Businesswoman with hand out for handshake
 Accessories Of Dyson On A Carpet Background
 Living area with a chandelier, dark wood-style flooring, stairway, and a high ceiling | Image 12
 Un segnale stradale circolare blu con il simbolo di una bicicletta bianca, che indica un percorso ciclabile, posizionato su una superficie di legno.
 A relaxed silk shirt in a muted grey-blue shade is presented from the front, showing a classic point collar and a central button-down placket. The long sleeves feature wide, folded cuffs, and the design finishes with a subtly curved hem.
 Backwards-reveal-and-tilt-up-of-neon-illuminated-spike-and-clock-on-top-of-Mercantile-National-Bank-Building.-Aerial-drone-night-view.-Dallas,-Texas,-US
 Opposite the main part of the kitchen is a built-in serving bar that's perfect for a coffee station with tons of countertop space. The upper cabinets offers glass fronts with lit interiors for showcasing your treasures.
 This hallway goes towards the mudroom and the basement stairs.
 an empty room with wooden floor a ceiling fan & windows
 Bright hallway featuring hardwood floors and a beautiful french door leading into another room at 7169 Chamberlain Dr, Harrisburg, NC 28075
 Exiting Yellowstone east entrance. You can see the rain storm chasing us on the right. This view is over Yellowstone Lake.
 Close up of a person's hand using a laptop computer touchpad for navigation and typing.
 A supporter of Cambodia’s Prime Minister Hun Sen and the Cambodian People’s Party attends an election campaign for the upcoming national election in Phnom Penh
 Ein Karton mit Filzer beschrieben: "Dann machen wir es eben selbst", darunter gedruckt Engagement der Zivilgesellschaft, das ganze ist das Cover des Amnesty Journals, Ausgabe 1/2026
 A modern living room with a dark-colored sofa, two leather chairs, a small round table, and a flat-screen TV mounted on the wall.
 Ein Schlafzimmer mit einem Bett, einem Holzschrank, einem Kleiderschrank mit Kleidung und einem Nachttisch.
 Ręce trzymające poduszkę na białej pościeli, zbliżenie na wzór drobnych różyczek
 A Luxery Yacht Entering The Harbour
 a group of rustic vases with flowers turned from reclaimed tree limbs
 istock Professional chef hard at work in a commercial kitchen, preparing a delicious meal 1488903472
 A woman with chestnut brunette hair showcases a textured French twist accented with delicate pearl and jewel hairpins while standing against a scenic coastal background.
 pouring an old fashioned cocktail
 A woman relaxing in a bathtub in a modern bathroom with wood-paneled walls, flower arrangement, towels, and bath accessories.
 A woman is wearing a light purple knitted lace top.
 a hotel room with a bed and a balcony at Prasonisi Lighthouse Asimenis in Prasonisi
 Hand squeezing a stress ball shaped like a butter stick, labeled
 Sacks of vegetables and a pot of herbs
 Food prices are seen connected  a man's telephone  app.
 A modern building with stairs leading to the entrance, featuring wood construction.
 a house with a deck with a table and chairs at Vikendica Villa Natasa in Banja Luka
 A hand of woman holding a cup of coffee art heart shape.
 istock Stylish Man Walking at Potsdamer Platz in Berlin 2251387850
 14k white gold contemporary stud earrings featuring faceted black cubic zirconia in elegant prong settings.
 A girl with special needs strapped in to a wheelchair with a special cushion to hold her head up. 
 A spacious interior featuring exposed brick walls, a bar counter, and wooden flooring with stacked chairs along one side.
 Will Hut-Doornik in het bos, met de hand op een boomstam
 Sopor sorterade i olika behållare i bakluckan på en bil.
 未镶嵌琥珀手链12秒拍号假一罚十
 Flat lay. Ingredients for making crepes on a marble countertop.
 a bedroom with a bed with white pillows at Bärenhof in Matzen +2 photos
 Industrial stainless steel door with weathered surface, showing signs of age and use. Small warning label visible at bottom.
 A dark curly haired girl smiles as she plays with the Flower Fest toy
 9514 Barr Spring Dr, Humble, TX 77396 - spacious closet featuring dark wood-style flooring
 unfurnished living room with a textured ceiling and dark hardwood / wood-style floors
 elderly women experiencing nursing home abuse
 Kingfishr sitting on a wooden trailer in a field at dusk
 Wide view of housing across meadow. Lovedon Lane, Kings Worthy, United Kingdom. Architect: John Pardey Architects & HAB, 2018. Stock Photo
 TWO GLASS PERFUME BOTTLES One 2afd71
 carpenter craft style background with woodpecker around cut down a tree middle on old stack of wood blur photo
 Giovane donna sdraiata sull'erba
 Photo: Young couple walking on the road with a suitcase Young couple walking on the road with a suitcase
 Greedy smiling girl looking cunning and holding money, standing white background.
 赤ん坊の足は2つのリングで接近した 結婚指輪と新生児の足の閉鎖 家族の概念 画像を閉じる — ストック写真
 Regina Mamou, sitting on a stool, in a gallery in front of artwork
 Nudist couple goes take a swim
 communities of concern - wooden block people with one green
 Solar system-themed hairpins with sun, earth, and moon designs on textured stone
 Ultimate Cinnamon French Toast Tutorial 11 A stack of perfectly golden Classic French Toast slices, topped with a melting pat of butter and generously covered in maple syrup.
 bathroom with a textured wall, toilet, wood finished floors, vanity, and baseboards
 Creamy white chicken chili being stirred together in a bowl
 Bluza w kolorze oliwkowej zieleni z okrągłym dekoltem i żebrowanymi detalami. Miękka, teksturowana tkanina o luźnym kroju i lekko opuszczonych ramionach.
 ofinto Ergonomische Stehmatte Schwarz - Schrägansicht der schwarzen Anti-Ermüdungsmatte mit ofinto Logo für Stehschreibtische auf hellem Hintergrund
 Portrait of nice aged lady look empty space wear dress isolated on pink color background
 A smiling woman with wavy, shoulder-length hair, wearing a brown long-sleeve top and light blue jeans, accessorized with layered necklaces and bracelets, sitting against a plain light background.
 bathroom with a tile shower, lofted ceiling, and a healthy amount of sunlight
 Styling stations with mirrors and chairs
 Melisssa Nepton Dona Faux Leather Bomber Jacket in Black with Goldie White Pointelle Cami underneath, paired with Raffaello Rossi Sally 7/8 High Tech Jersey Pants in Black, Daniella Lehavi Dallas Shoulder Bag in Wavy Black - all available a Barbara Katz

**********

Your instructions
All of the records should be repeated precisely as written.

Task answer
Businesswoman with hand out for handshake
 Accessories Of Dyson On A Carpet Background
 Living area with a chandelier, dark wood-style flooring, stairway, and a high ceiling | Image 12
 Un segnale stradale circolare blu con il simbolo di una bicicletta bianca, che indica un percorso ciclabile, posizionato su una superficie di legno.
 A relaxed silk shirt in a muted grey-blue shade is presented from the front, showing a classic point collar and a central button-down placket. The long sleeves feature wide, folded cuffs, and the design finishes with a subtly curved hem.
 Backwards-reveal-and-tilt-up-of-neon-illuminated-spike-and-clock-on-top-of-Mercantile-National-Bank-Building.-Aerial-drone-night-view.-Dallas,-Texas,-US
 Opposite the main part of the kitchen is a built-in serving bar that's perfect for a coffee station with tons of countertop space. The upper cabinets offers glass fronts with lit interiors for showcasing your treasures.
 This hallway goes towards the mudroom and the basement stairs.
 an empty room with wooden floor a ceiling fan & windows
 Bright hallway featuring hardwood floors and a beautiful french door leading into another room at 7169 Chamberlain Dr, Harrisburg, NC 28075
 Exiting Yellowstone east entrance. You can see the rain storm chasing us on the right. This view is over Yellowstone Lake.
 Close up of a person's hand using a laptop computer touchpad for navigation and typing.
 A supporter of Cambodia’s Prime Minister Hun Sen and the Cambodian People’s Party attends an election campaign for the upcoming national election in Phnom Penh
 Ein Karton mit Filzer beschrieben: "Dann machen wir es eben selbst", darunter gedruckt Engagement der Zivilgesellschaft, das ganze ist das Cover des Amnesty Journals, Ausgabe 1/2026
 A modern living room with a dark-colored sofa, two leather chairs, a small round table, and a flat-screen TV mounted on the wall.
 Ein Schlafzimmer mit einem Bett, einem Holzschrank, einem Kleiderschrank mit Kleidung und einem Nachttisch.
 Ręce trzymające poduszkę na białej pościeli, zbliżenie na wzór drobnych różyczek
 A Luxery Yacht Entering The Harbour
 a group of rustic vases with flowers turned from reclaimed tree limbs
 istock Professional chef hard at work in a commercial kitchen, preparing a delicious meal 1488903472
 A woman with chestnut brunette hair showcases a textured French twist accented with delicate pearl and jewel hairpins while standing against a scenic coastal background.
 pouring an old fashioned cocktail
 A woman relaxing in a bathtub in a modern bathroom with wood-paneled walls, flower arrangement, towels, and bath accessories.
 A woman is wearing a light purple knitted lace top.
 a hotel room with a bed and a balcony at Prasonisi Lighthouse Asimenis in Prasonisi
 Hand squeezing a stress ball shaped like a butter stick, labeled
 Sacks of vegetables and a pot of herbs
 Food prices are seen connected  a man's telephone  app.
 A modern building with stairs leading to the entrance, featuring wood construction.
 a house with a deck with a table and chairs at Vikendica Villa Natasa in Banja Luka
 A hand of woman holding a cup of coffee art heart shape.
 istock Stylish Man Walking at Potsdamer Platz in Berlin 2251387850
 14k white gold contemporary stud earrings featuring faceted black cubic zirconia in elegant prong settings.
 A girl with special needs strapped in to a wheelchair with a special cushion to hold her head up. 
 A spacious interior featuring exposed brick walls, a bar counter, and wooden flooring with stacked chairs along one side.
 Will Hut-Doornik in het bos, met de hand op een boomstam
 Sopor sorterade i olika behållare i bakluckan på en bil.
 未镶嵌琥珀手链12秒拍号假一罚十
 Flat lay. Ingredients for making crepes on a marble countertop.
 a bedroom with a bed with white pillows at Bärenhof in Matzen +2 photos
 Industrial stainless steel door with weathered surface, showing signs of age and use. Small warning label visible at bottom.
 A dark curly haired girl smiles as she plays with the Flower Fest toy
 9514 Barr Spring Dr, Humble, TX 77396 - spacious closet featuring dark wood-style flooring
 unfurnished living room with a textured ceiling and dark hardwood / wood-style floors
 elderly women experiencing nursing home abuse
 Kingfishr sitting on a wooden trailer in a field at dusk
 Wide view of housing across meadow. Lovedon Lane, Kings Worthy, United Kingdom. Architect: John Pardey Architects & HAB, 2018. Stock Photo
 TWO GLASS PERFUME BOTTLES One 2afd71
 carpenter craft style background with woodpecker around cut down a tree middle on old stack of wood blur photo
 Giovane donna sdraiata sull'erba
 Photo: Young couple walking on the road with a suitcase Young couple walking on the road with a suitcase
 Greedy smiling girl looking cunning and holding money, standing white background.
 赤ん坊の足は2つのリングで接近した 結婚指輪と新生児の足の閉鎖 家族の概念 画像を閉じる — ストック写真
 Regina Mamou, sitting on a stool, in a gallery in front of artwork
 Nudist couple goes take a swim
 communities of concern - wooden block people with one green
 Solar system-themed hairpins with sun, earth, and moon designs on textured stone
 Ultimate Cinnamon French Toast Tutorial 11 A stack of perfectly golden Classic French Toast slices, topped with a melting pat of butter and generously covered in maple syrup.
 bathroom with a textured wall, toilet, wood finished floors, vanity, and baseboards
 Creamy white chicken chili being stirred together in a bowl
 Bluza w kolorze oliwkowej zieleni z okrągłym dekoltem i żebrowanymi detalami. Miękka, teksturowana tkanina o luźnym kroju i lekko opuszczonych ramionach.
 ofinto Ergonomische Stehmatte Schwarz - Schrägansicht der schwarzen Anti-Ermüdungsmatte mit ofinto Logo für Stehschreibtische auf hellem Hintergrund
 Portrait of nice aged lady look empty space wear dress isolated on pink color background
 A smiling woman with wavy, shoulder-length hair, wearing a brown long-sleeve top and light blue jeans, accessorized with layered necklaces and bracelets, sitting against a plain light background.
 bathroom with a tile shower, lofted ceiling, and a healthy amount of sunlight
 Styling stations with mirrors and chairs
 Melisssa Nepton Dona Faux Leather Bomber Jacket in Black with Goldie White Pointelle Cami underneath, paired with Raffaello Rossi Sally 7/8 High Tech Jersey Pants in Black, Daniella Lehavi Dallas Shoulder Bag in Wavy Black - all available a Barbara Katz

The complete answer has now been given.